Budget 2017: struggling families will wonder what has changed

22 Nov 17

Philip Hammond’s changes to tax, benefits and housing don’t add up to much for hard-pressed families, argues the JRF’s Katie Schmuecker

In his Budget speech, the chancellor talked about understanding “the frustration of families where real incomes are under pressure”, yet his announcements did little to relieve their frustrations.  There are two main ways he could have done this: through the support offered through the social security system and through the supply of more genuinely affordable homes.

However, looking across the big spending commitments the government made – whether it’s cutting stamp duty for first time buyers, or raising the income tax threshold and the higher rate allowance – they favour higher earning households.

Some small steps were taken that will help. For example there were measures to ease the six week wait that many people face when they move onto universal credit – the new working-age benefits system currently being rolled out. The abolition of seven waiting days before people are eligible to claim the benefit is most certainly welcome. The move to allow larger benefit advances will help people get through the five week wait that remains, but will see people starting their universal credit claim in debt. And while the chancellor heralded it as a £1.5bn package for universal credit, the Budget detail reveals it’s spread over six years.

What is more, he failed to address the major cuts to the benefits system that are eating into incomes and damaging living standards. JRF analysis shows the four-year freeze on most working-age benefits will result in almost half a million additional people experiencing poverty in 2020. This is because benefits are frozen at a time when inflation is high and wages aren’t keeping pace. As the freeze applies to benefits for people in work as well as those out of work, 85% of those pushed into poverty are estimated to be in working households.

Increasing the personal tax allowance is often highlighted by the government as a measure to help low earners, but the help is incredibly poorly targeted. Just £1 in every £6 spent on this policy goes to the bottom half of the income distribution, let alone the poorest. The latest OBR estimate is that it will cost £1.4bn in 2020 to meet the government’s pledge to raise the personal tax allowance to £12,500 and the higher rate threshold to £50,000. To help low-income working people that money would be far more effectively spent on enabling people to keep more of what they earn by increasing the work allowances in universal credit. 

On housing there were multiple measures intended to increase supply, but the detail on delivering more genuinely affordable homes was missing. To meet need, England must build 80,000 genuinely affordable homes per year. Lifting the Housing Revenue Account (HRA) borrowing cap in areas of high demand takes us a little way in this direction but is a far cry from the ambition needed. It is estimated that entirely lifting the HRA borrowing cap would only enable around 15,000 homes per year to be built.

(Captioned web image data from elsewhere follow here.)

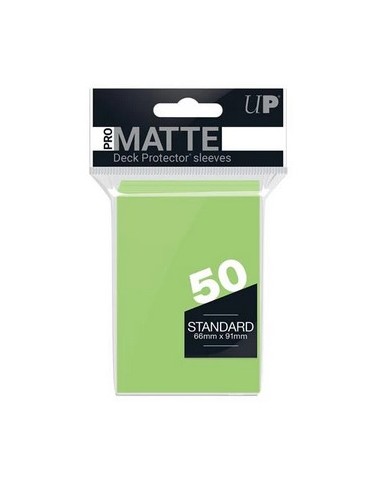 50 BUSTINE STANDARD PRO MATTE - LIME GREEN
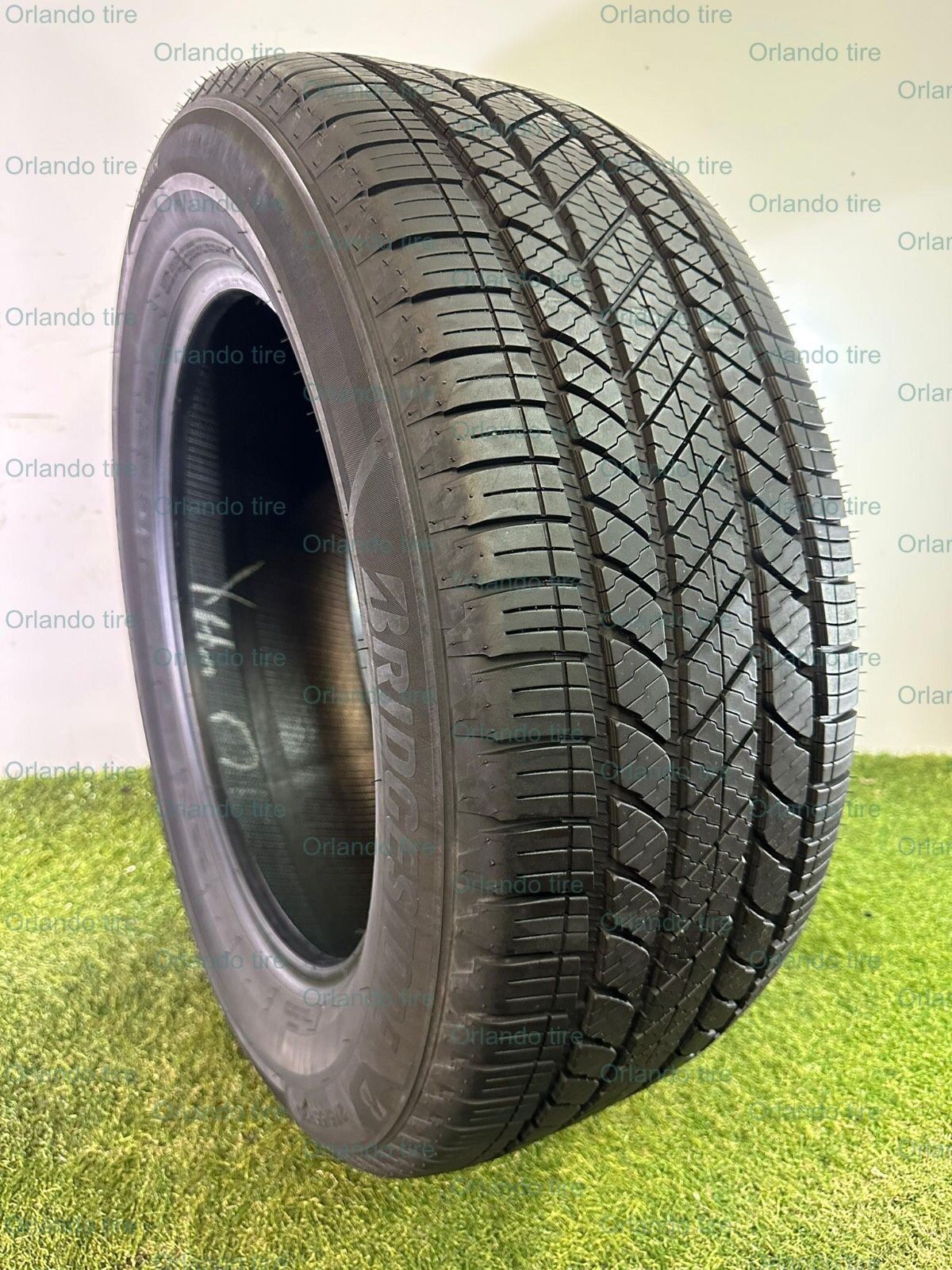 T430 275 55 20 113H Bridgestone Alenza AS Ultra One Used Tire 85% Life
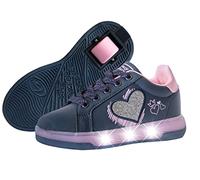 Breezy Rollers 2195690 Zapatos con Ruedas, Zapatos con Luces y Ruedas, Calzado de Skateboarding Deportes Brillante (Numeric_31)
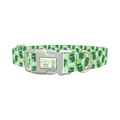Pickle Jar Dog Collar - plastic silver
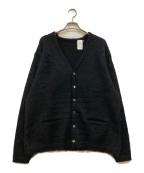 Arpアープ）の古着「Premium Classic Mohair Cardigan W/Pocket」｜ブラック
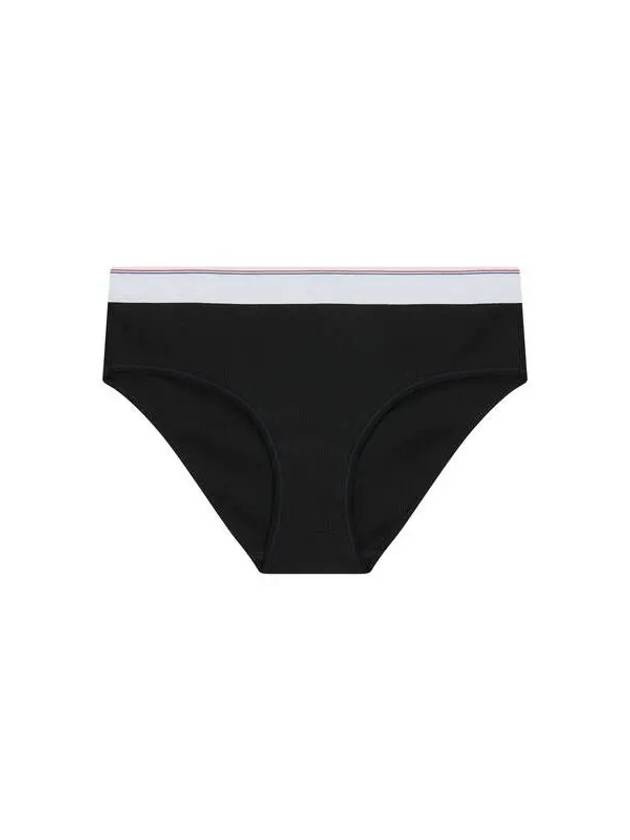 ribbed logo banding briefs black - ALEXANDER WANG - BALAAN 1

Even when combined with the additional social housing announced at the Conservative party conference we remain a long way short of what is needed. Communities secretary Sajid Javid is due to follow up with more detail in due course. This along with the social housing green paper will be opportunities to make sure the policy detail matches the policy aspiration.

Some of the measures announced could make a difference in the long term, but in the short term struggling families will continue to face pressure on their budget – and wonder if anything much has changed.